You might expect the commercial area around the Valley Mall to be the economic heart of the city, but once you factor in all the large parking lots on that side of town, the revenue per acre goes down. Where there is a mix of dense residential buildings and businesses with less land devoted to cars, the value-per-acre is higher. Where single-family detached houses and strip malls with large parking lots predominate, the value-per-acre is lower. And where property is tax-exempt or the property taxes are exceptionally low, those parcels appear as blank white or light gray spaces.

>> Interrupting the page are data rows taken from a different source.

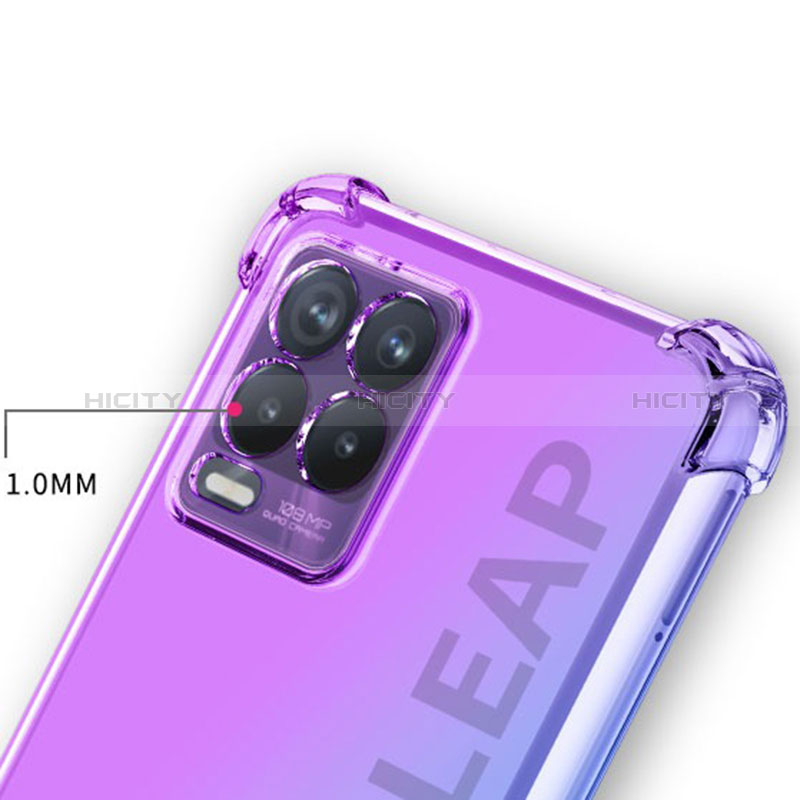 Funda Silicona Ultrafina Carcasa Transparente Gradiente para Realme 8 4G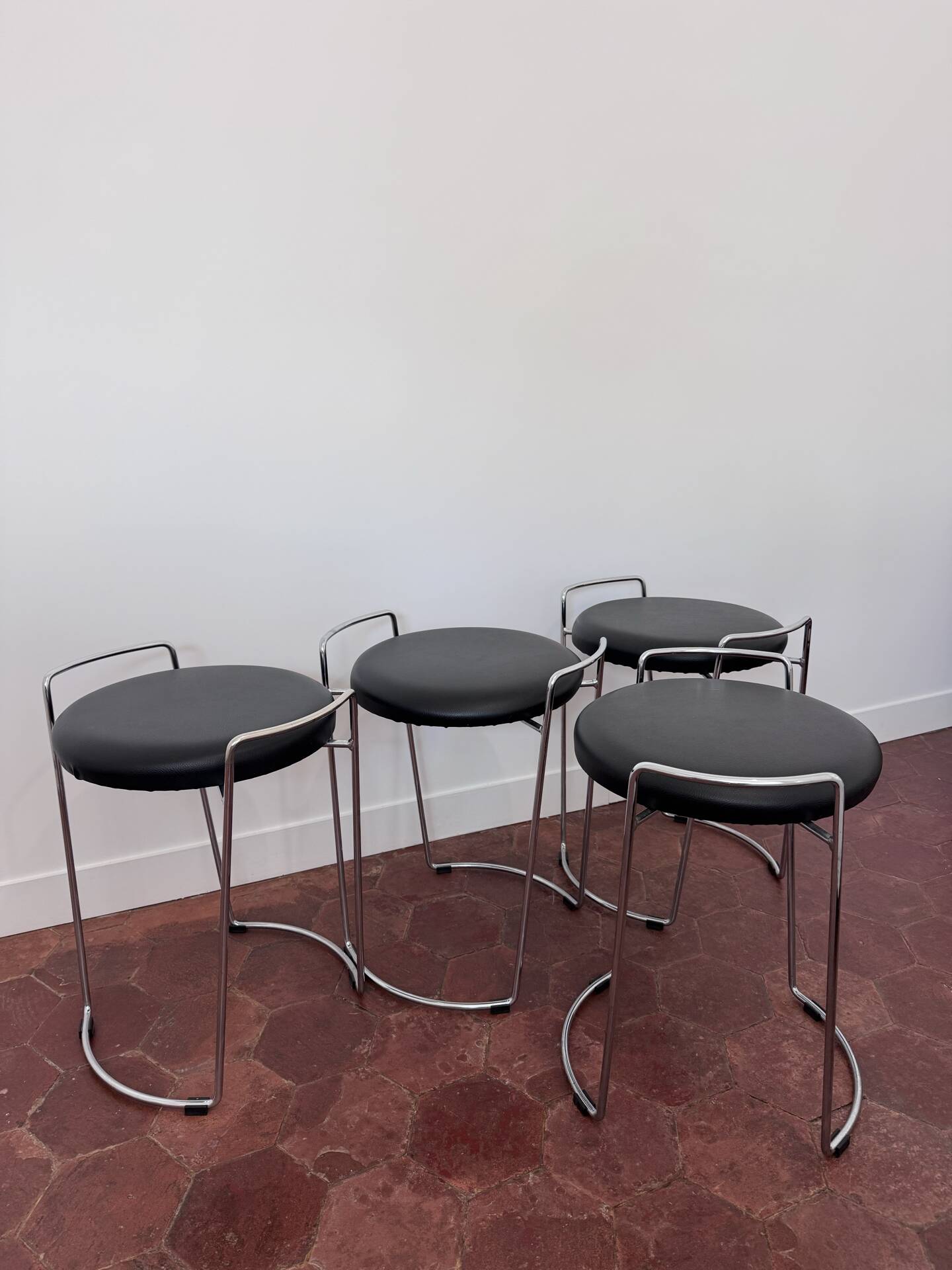 Tabourets cuir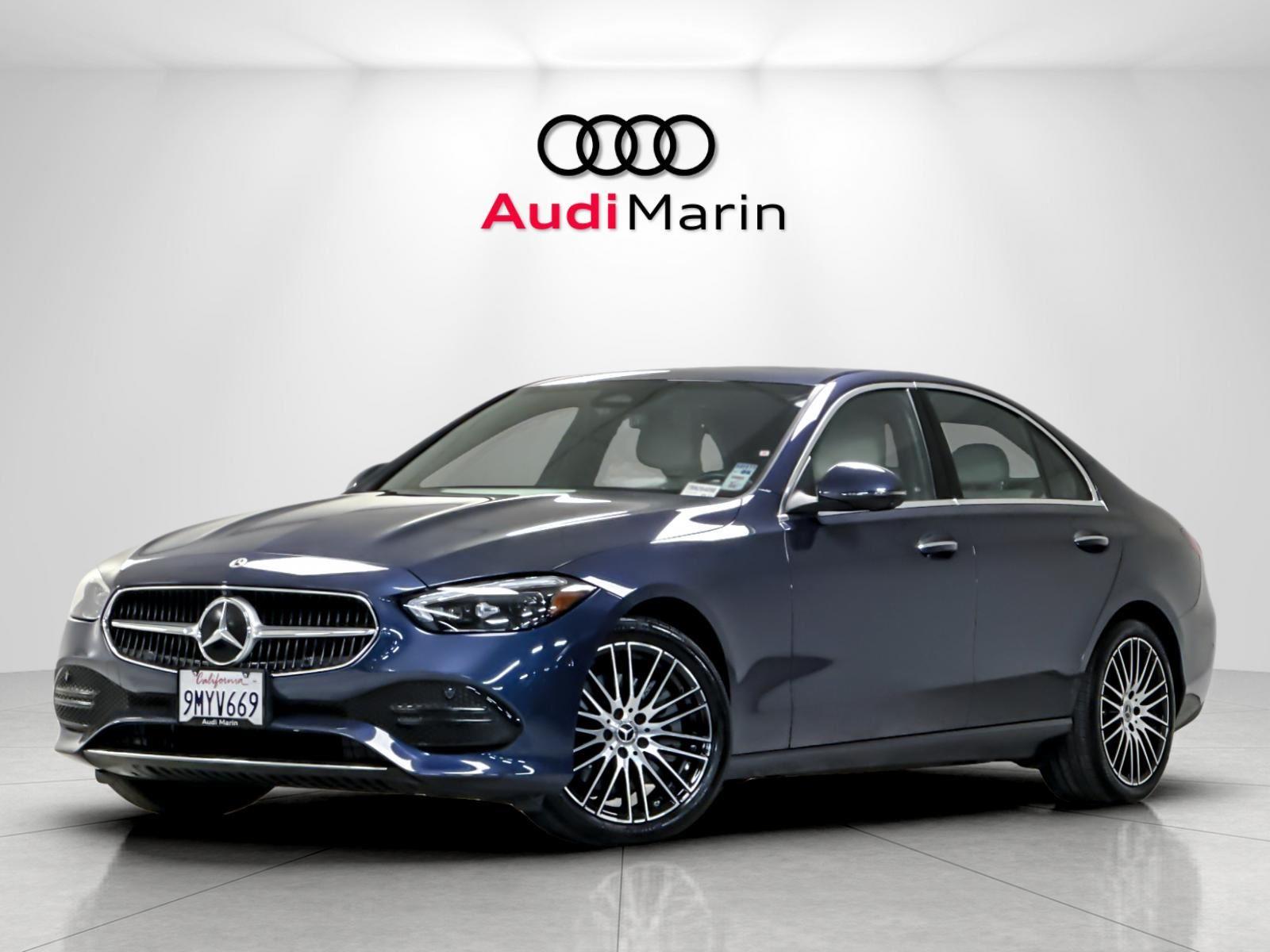 Twilight Blue Metallic 2024 Mercedes-Benz C-Class C 300 RWD Sedan Rear-Wheel Drive Automatic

We still need an analysis that shows a 3D image of the municipal expenses and liabilities for infrastructure and maintenance across the city. City decision makers need that data to make informed decisions about land use, but as of right now, I’m not aware of a full revenue-and-expenses analysis of Harrisonburg similar to the one done in Lafayette, Louisiana (watch the video below). Harrisonburg should put out an RFP for a detailed analysis of what land use patterns bring in revenue and which developments don’t pay for the infrastructure and services the city provides to them.
How can Harrisonburg foster more property tax revenue spikes like the one we see downtown? We should allow denser, mixed-use, by-right development in more areas in the city. Notably, there are no off-street parking requirements in the downtown central business district. We should repeal the off-street parking requirements that inhibit infill housing and small neighborhood businesses.

If you were thinking “surely the sales tax revenue from the big box stores is what really fills the city coffers,” this ACFR chart puts revenue sources in perspective. Sales and use taxes make up 11% and restaurant taxes make up 10% of revenue. Property taxes make up more than a third of city revenue (37%) and schools are our largest expense (30%). Land use reform can have a large impact on revenue.
Affordable housing is important, and so is environmental and fiscal sustainability for the city. Properties owned by 501(c)(3) organizations don’t pay property taxes. That is not to say we shouldn’t support the development of affordable housing on tax-exempt land, but we should at least be aware of which properties are tax-exempt, and the implications of that exemption on city revenue and services. It’s possible to have affordable housing that is less environmentally sustainable (for example, subsidized single-family detached housing builds in rural areas that require long car trips). And we have some lower carbon footprint developments that are not affordable. We should revise our municipal policies and incentives to encourage development that is affordable, low-carbon, and fiscally sustainable. That requires shifting our approach to land use.
While it’s debatable whether low-density detached single-family housing (DSFH) can pay enough in taxes to cover municipal obligations for it, denser mixed-use, mixed-income development — some subsidized, some market rate — is key to balancing the city’s housing needs, revenue needs, and carbon emissions goals. It requires that we take an all-of-the-above approach. That means removing barriers to building a diversity of housing types — apartments, condos, multiplexes, townhouses, backyard casitas, manufactured housing, basement apartments — reducing lot size and setback requirements, and eliminating off-street parking minimums.
A better Harrisonburg is possible. We should reject the doomerism that says that improvement is a lost cause, or that there’s no point in trying to make it better. Understanding the connection between affordable housing and sustainable development should inform our decisions about how our city changes.